» Your goal:
Your copy of the entries below should hold exactly the lines from the one containing "991 Mt. Bulman Drive - Image 25" to the one containing "Vorschaubild 20", inclusive, and no pictures.

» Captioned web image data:
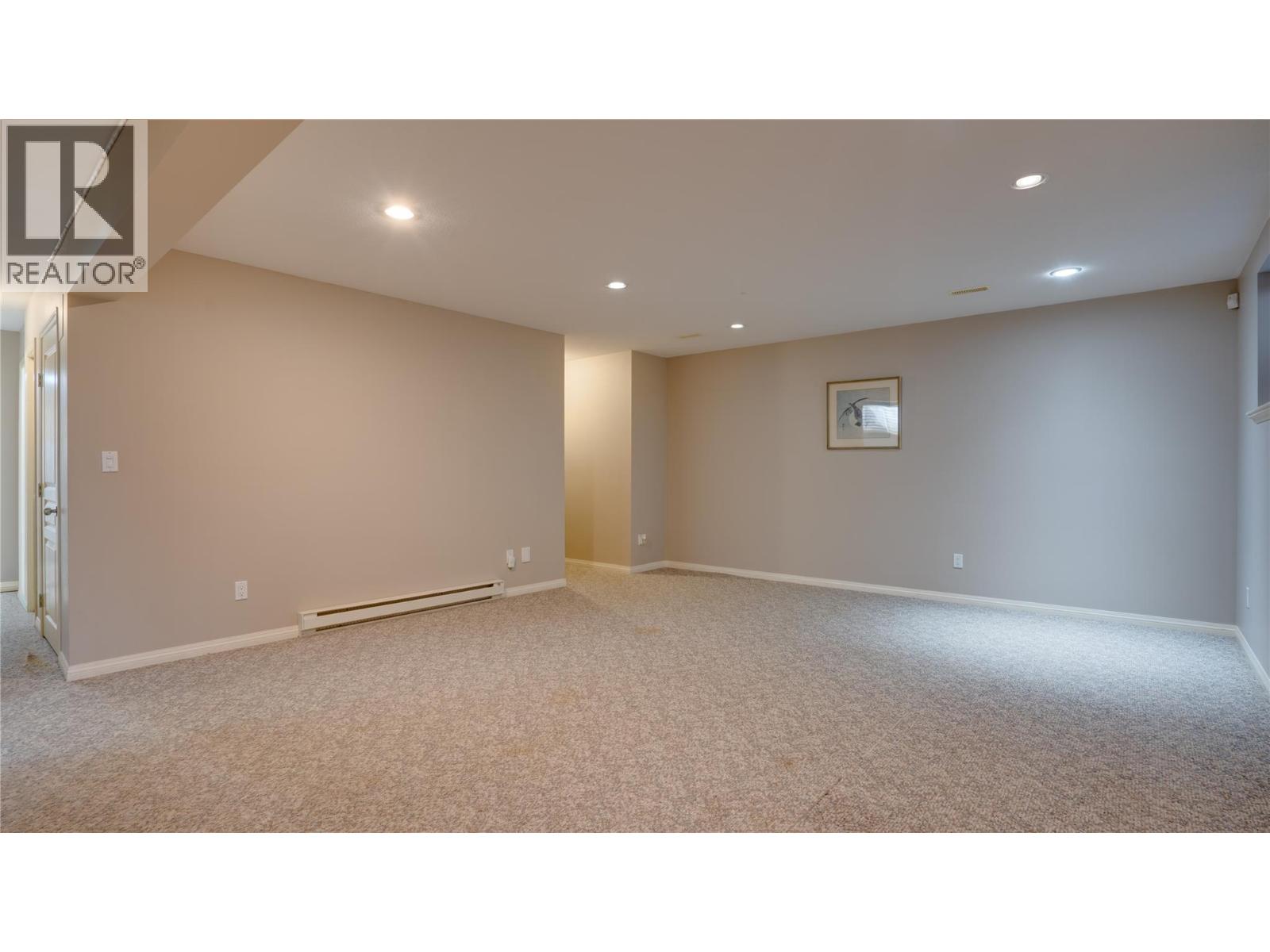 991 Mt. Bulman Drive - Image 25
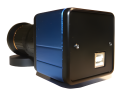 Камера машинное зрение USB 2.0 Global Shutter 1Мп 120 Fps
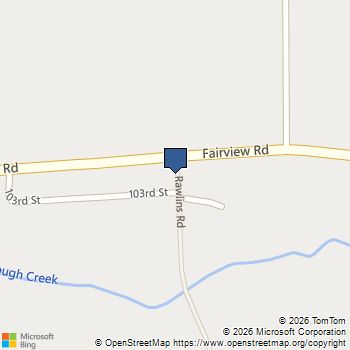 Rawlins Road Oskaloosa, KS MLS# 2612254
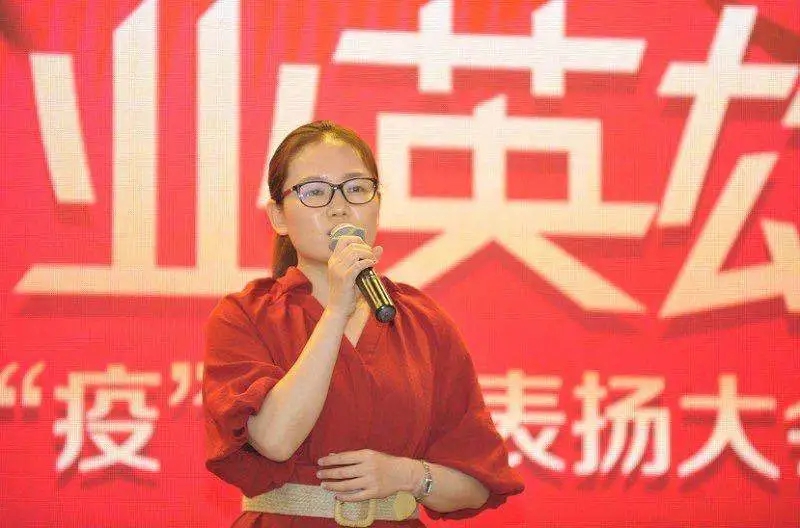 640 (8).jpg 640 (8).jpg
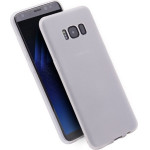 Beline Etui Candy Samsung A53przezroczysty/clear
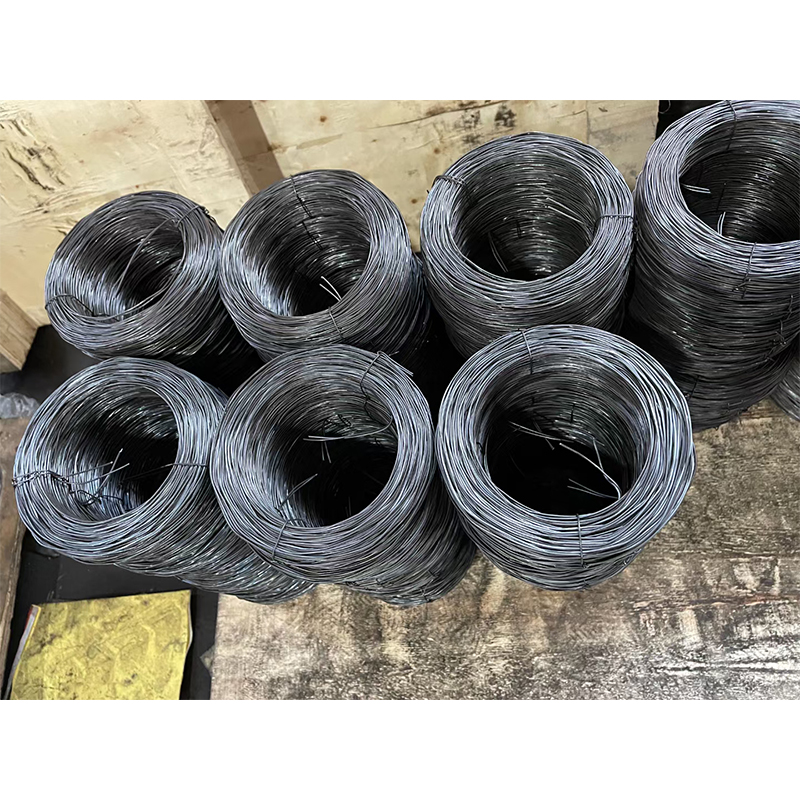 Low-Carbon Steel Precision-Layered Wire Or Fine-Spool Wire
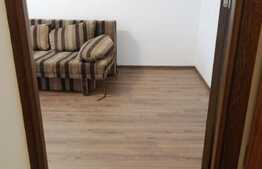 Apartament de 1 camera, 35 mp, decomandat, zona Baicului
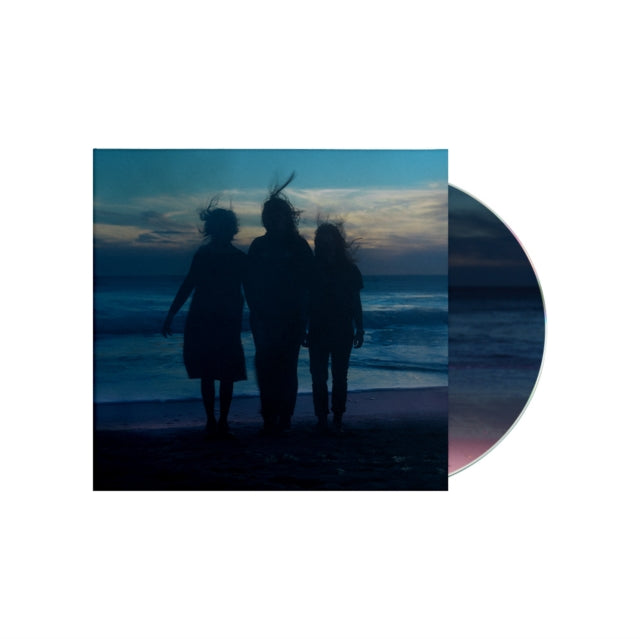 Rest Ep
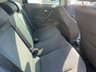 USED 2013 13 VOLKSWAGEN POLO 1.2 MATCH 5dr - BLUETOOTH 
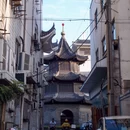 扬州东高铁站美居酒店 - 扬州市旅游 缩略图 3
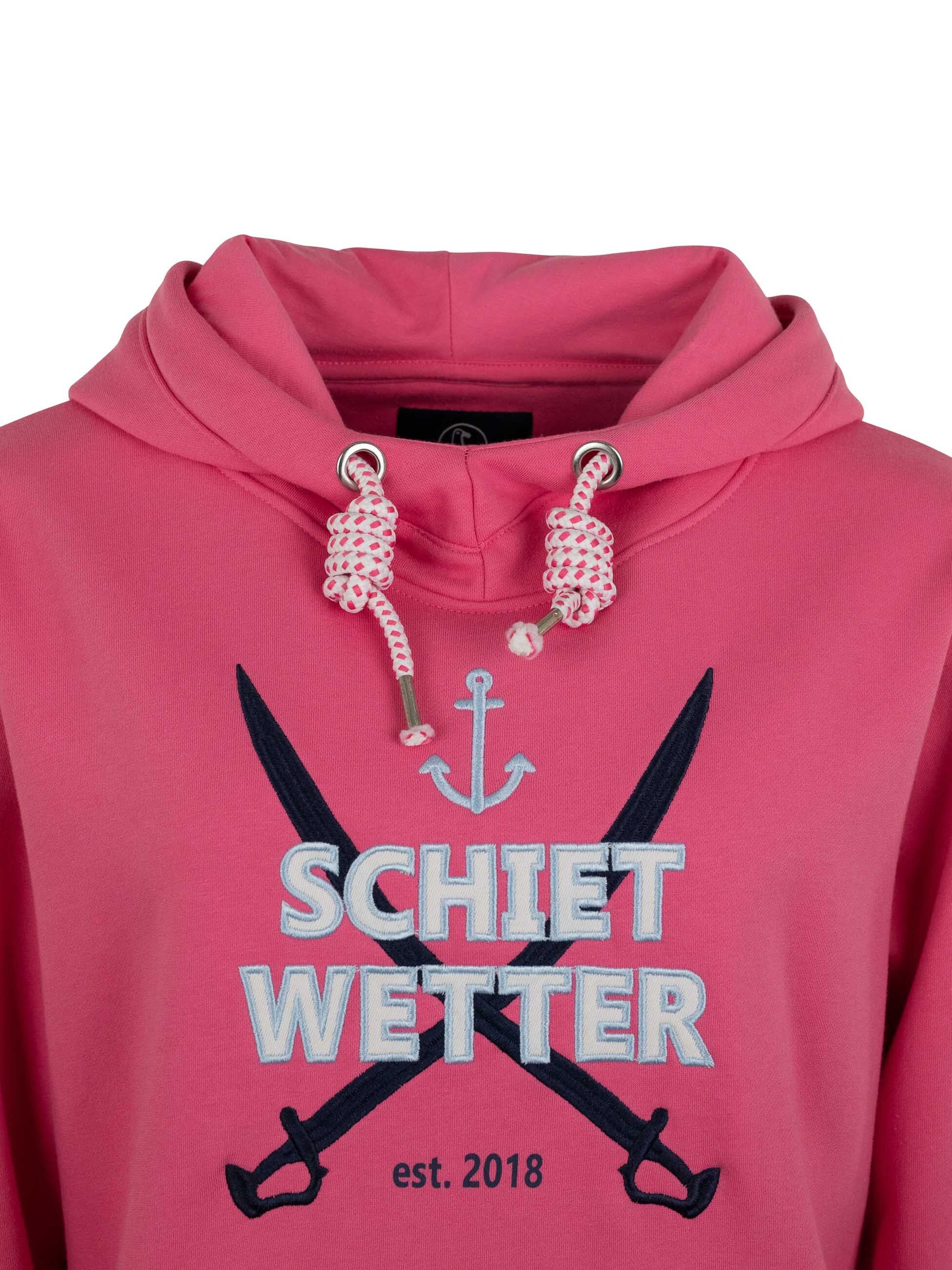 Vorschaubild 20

* * *

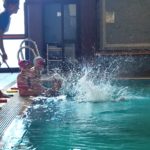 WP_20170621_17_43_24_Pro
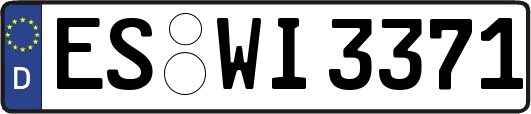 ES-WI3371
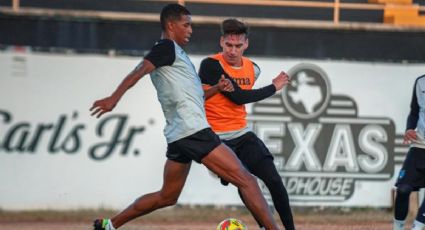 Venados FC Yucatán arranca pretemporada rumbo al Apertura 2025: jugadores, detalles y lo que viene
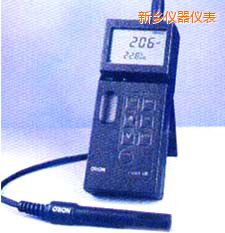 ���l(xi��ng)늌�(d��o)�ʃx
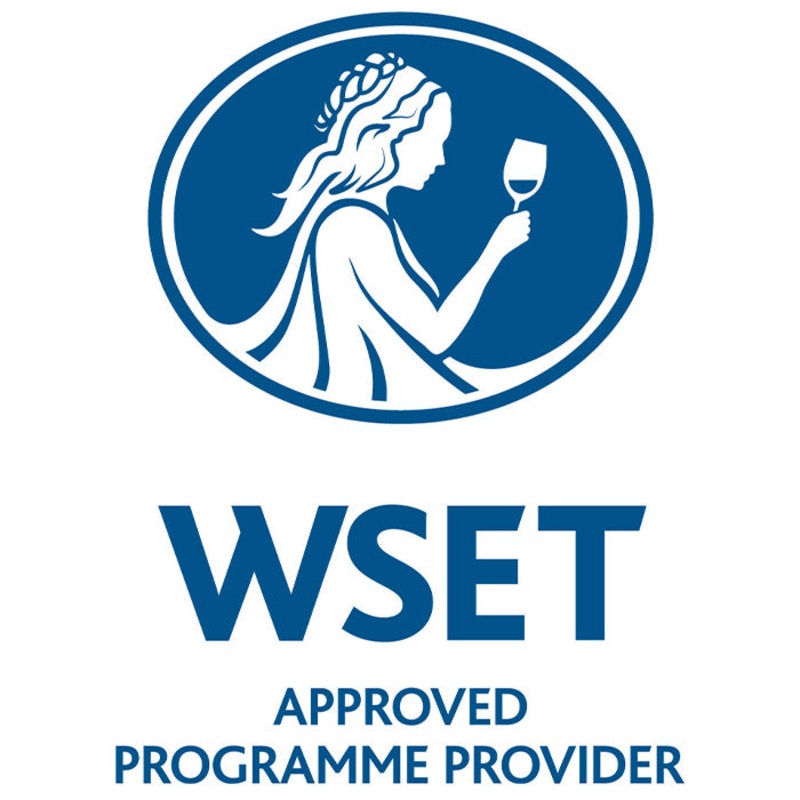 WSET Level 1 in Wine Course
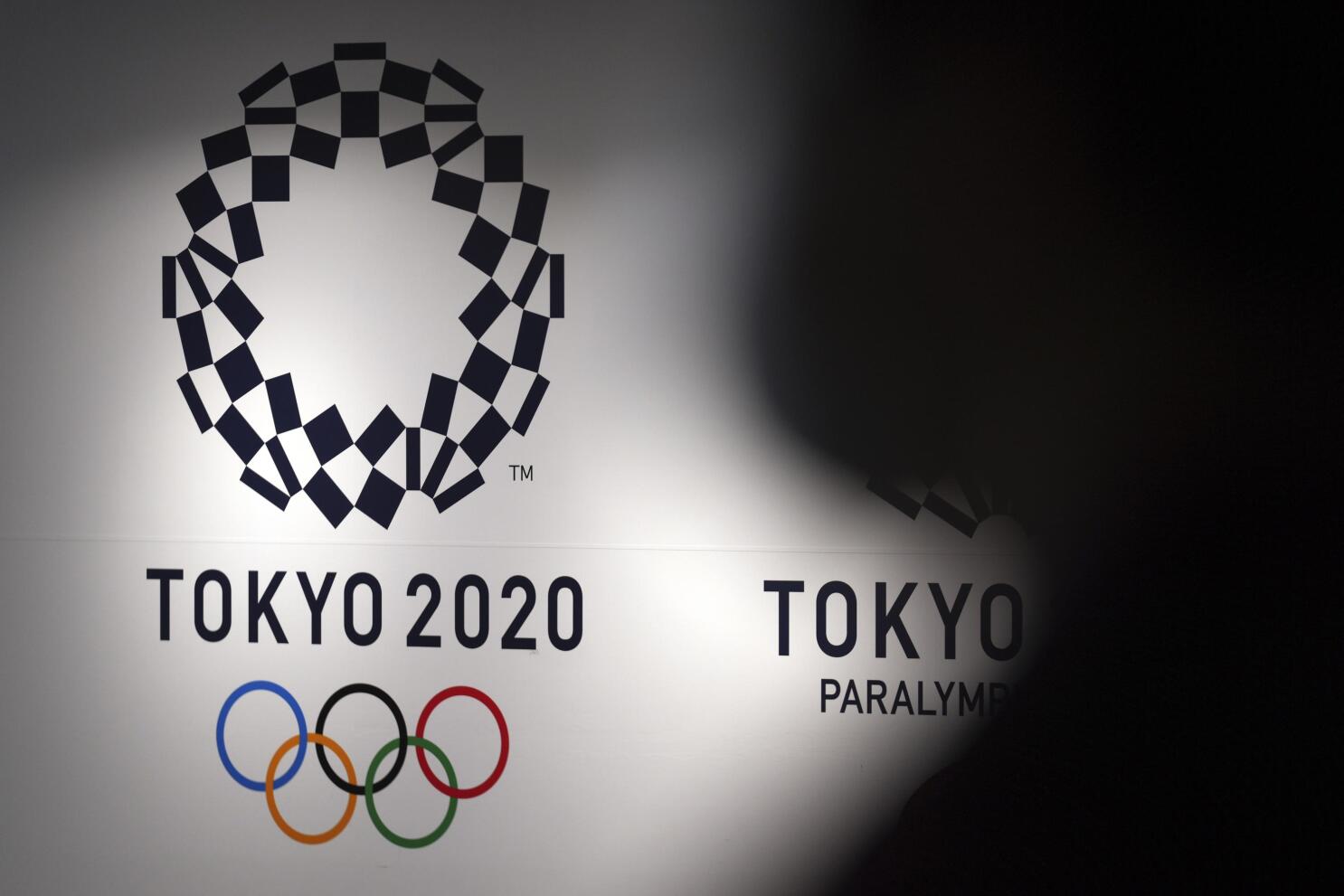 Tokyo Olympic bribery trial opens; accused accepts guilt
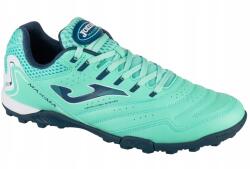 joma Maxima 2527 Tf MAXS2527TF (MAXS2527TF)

» Written answer:
 991 Mt. Bulman Drive - Image 25
 Камера машинное зрение USB 2.0 Global Shutter 1Мп 120 Fps
 Rawlins Road Oskaloosa, KS MLS# 2612254
 640 (8).jpg 640 (8).jpg
 Beline Etui Candy Samsung A53przezroczysty/clear
 Low-Carbon Steel Precision-Layered Wire Or Fine-Spool Wire
 Apartament de 1 camera, 35 mp, decomandat, zona Baicului
 Rest Ep
 USED 2013 13 VOLKSWAGEN POLO 1.2 MATCH 5dr - BLUETOOTH 
 扬州东高铁站美居酒店 - 扬州市旅游 缩略图 3
 Vorschaubild 20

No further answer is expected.